Ce Mai italien qui dura dix ans

Publiée en 1988 en Italie, la traduction de cette histoire du movimento paraît enfin en France.

Olivier Doubre  • 8 mars 2017 abonné·es
Ce Mai italien qui dura dix ans
© Photo : Dufoto/Leemage/AFP

Saluons d’abord l’imposant travail de traduction et d’annotations – bienvenues pour un lecteur peu au fait de cette décennie italienne 1968-1977, si riche en soubresauts. Cette publication est enrichie d’illustrations donnant à voir les grandes mobilisations mais aussi les expressions picturales ou murales de cette « grande vague révolutionnaire et créative, politique et existentielle ».

À l’instar de la couverture montrant une immense foule lors d’un rassemblement à Rome en 1977, signée par le photographe Tano D’Amico, véritable encyclopédiste du movimento, c’est bien la diversité des sensibilités politiques ou créatrices, indissociables (ou synonymes) de l’idée de collectif, qui apparaît en premier lieu dans cet ouvrage. À la différence de Génération (paru la même année, en 1988) d’Hervé Hamon et de Patrick Rotman, parfois considéré – à tort – comme son équivalent français, et qui narrait la contestation de 1968 à partir de ses « stars » ou de ceux qui le sont devenus dans les années 1980.

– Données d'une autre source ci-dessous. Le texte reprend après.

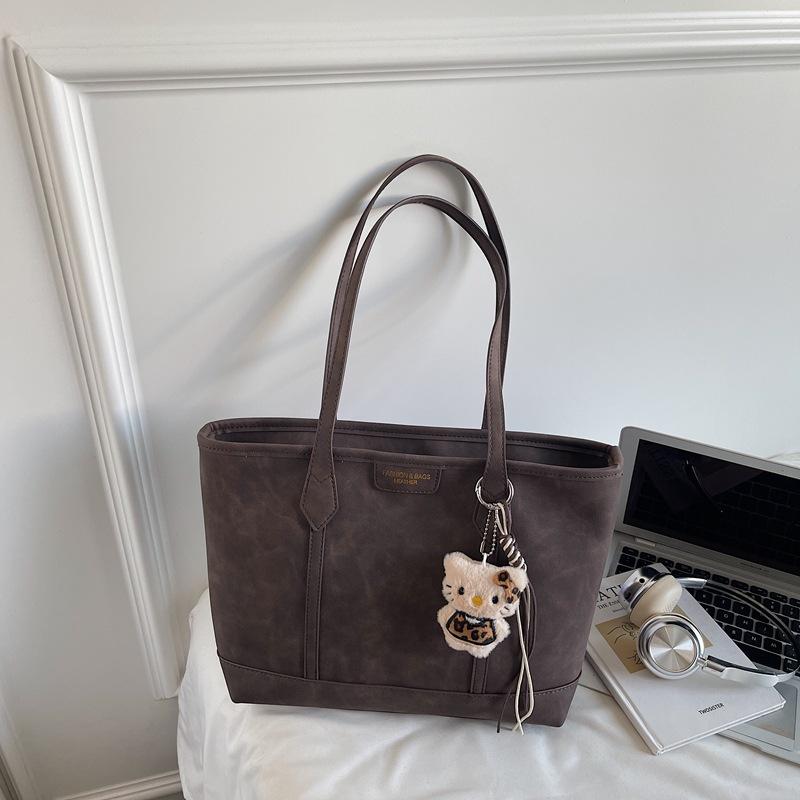 

Casual commuter bag women s autumn new large-capacity fashionable foreign-style underarm bag retro foreign-style popular shoulder bag no pendant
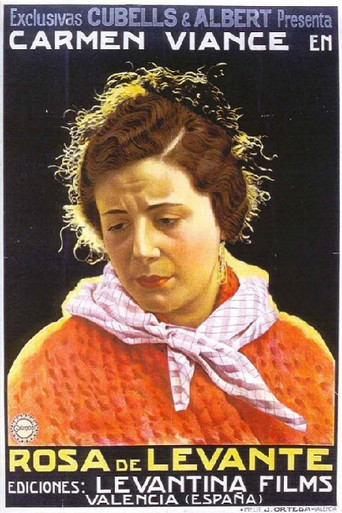 Movie poster for Rosa de Levante (1926)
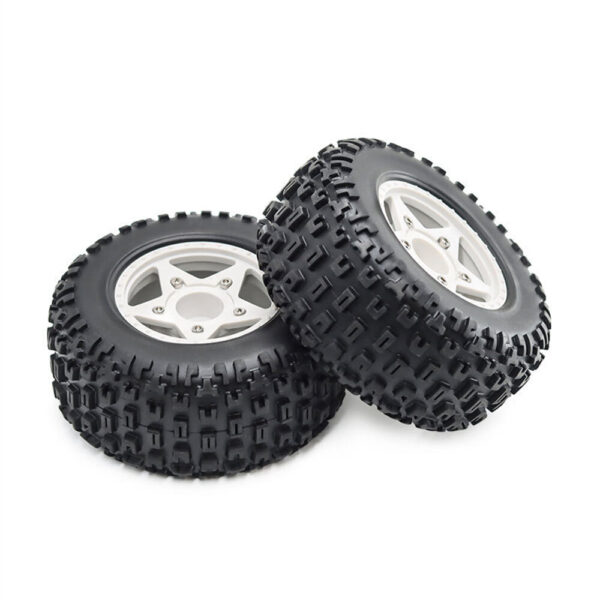 4PCS D232 Upgraded Off-Road Tires Wheels for 1/8 1/10 Short Course Truck RC Cars Vehicles Models Parts Accessories - Image 9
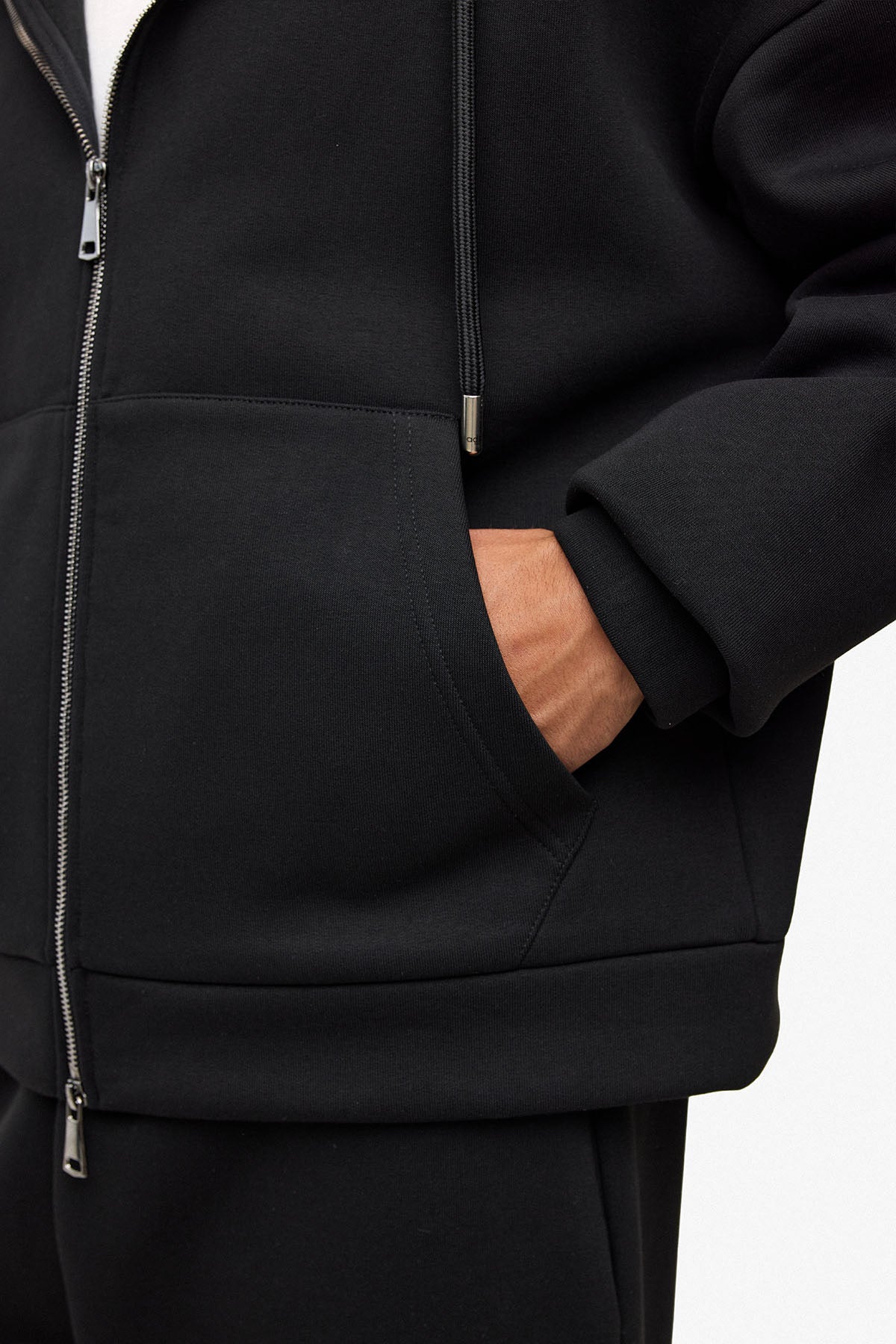 Veste capuche noir Make Love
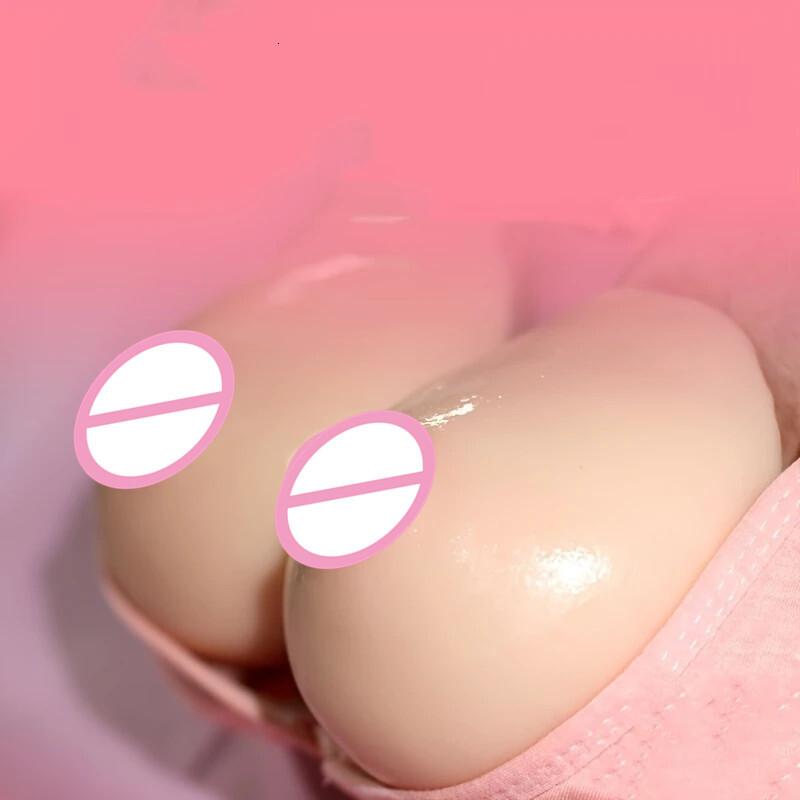 masturbator Silicone Artificial Breasts Men's Masturbation Sex Toys Stress Squeeze Ball Insertable Fake Breast Toys Soft Realistic Boob Ball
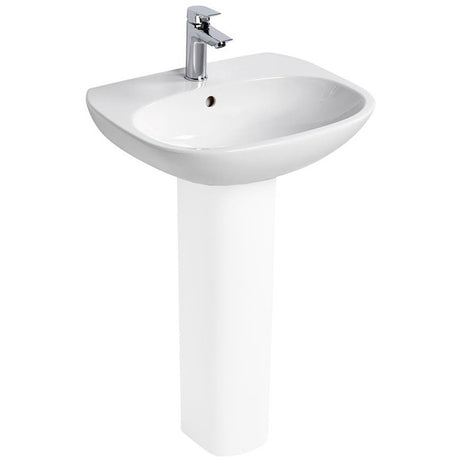Ideal Standard Tesi Pedestal Basin With Overflow 600mm - White - T026501 - TAP 'N' SHOWER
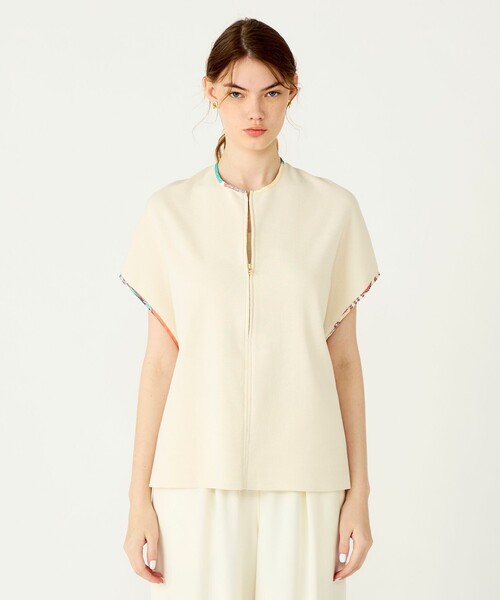 manipuri(マニプリ)の「【別注】manipuri for Ballsey MANIPURI COMBI ワイドプルオーバー(ニット/セーター・レディース・ベージュ系その他/ネイビー・S)」の4枚目の写真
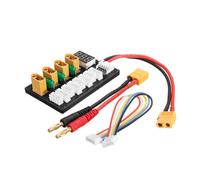 Carte de Charge ParallèLe 4CH XT60 Connecteur à Fiche Banane pour ISDT D2 Q6 SC-608 SC-620 Imax B6 Charge LiPo Batterie en Charge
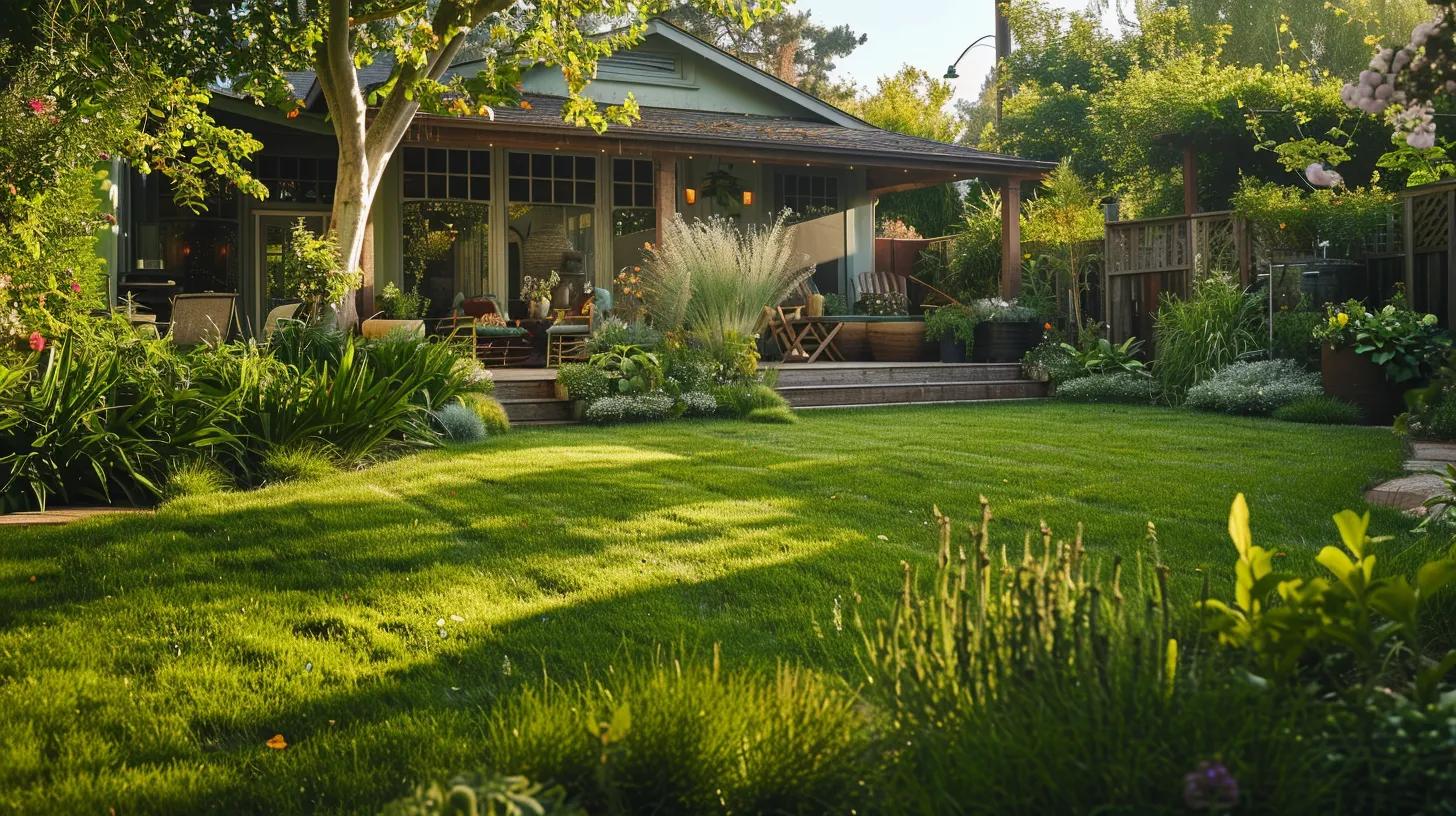 a vibrant urban backyard showcases a meticulously maintained lawn, with a homeowner attentively hand-pulling stubborn weeds while surrounded by natural pest control products, embodying the essence of organic gardening and sustainable practices. a vibrant urban backyard showcases a meticulously maintained lawn, with a homeowner attentively hand-pulling stubborn weeds while surrounded by natural pest control products, embodying the essence of organic gardening and sustainable practices.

« Années de plomb, services secrets, massacres d’État, complot, répression, état d’urgence… Ou bien, au contraire, les plus belles années de notre vie, transformation radicale de la vie quotidienne, utopie, besoin de communisme, révolution sexuelle, lutte armée, etc. Et encore : hippies, situationnistes, mouvement étudiant, Potere operaio, Lotta continua, maoïstes, conseillistes, anarchistes, autonomes… » C’est le portrait multiforme que dresse, dans sa préface à la première édition, l’un des coordinateurs de cet ouvrage collectif hors norme, le militant et écrivain Primo Moroni, dont la librairie milanaise, un peu comme celle de François Maspero à Paris, fut le point de ralliement de coopératives et de comités de luttes en tout genre, et de diffusion d’innombrables revues.

L’ouvrage mêle des textes de militants de l’époque et des écrits théoriques (de Mao à Che Guevara) aux analyses a posteriori de dirigeants de groupuscules, de journalistes engagés, comme ceux du quotidien de la gauche critique toujours en exercice Il Manifesto, et d’intellectuels qui ont vu l’irrésistible engrenage de la violence politique. En effet, face aux provocations et aux attentats d’une extrême droite manipulée par l’État, le mouvement, adoptant à son tour la tradition de la violence révolutionnaire, versera, piégé, dans la contre-attaque armée. Avec son lot d’arrestations, de condamnations, de réfugiés politiques (principalement accueillis par la France de Mitterrand) et d’emmurés dans les « prisons spéciales », premières structures répressives de l’« antiterrorisme » moderne.

Il reste que cette esquisse multicolore se veut « non pas une histoire, mais un chemin, pour insister sur la joie et la richesse, pour aider à chercher les origines de ce long printemps ».

La Horde d’or. La grande vague révolutionnaire et créative, politique et existentielle. Italie 1968-1977, Nanni Balestrini & Primo Moroni, traduit de l’italien par Jeanne Revel, Jean-Baptiste Leroux, Pierre-Vincent Cresceri et Laurent Guilloteau, Éd. de L’Éclat, 672 p., 25 euros.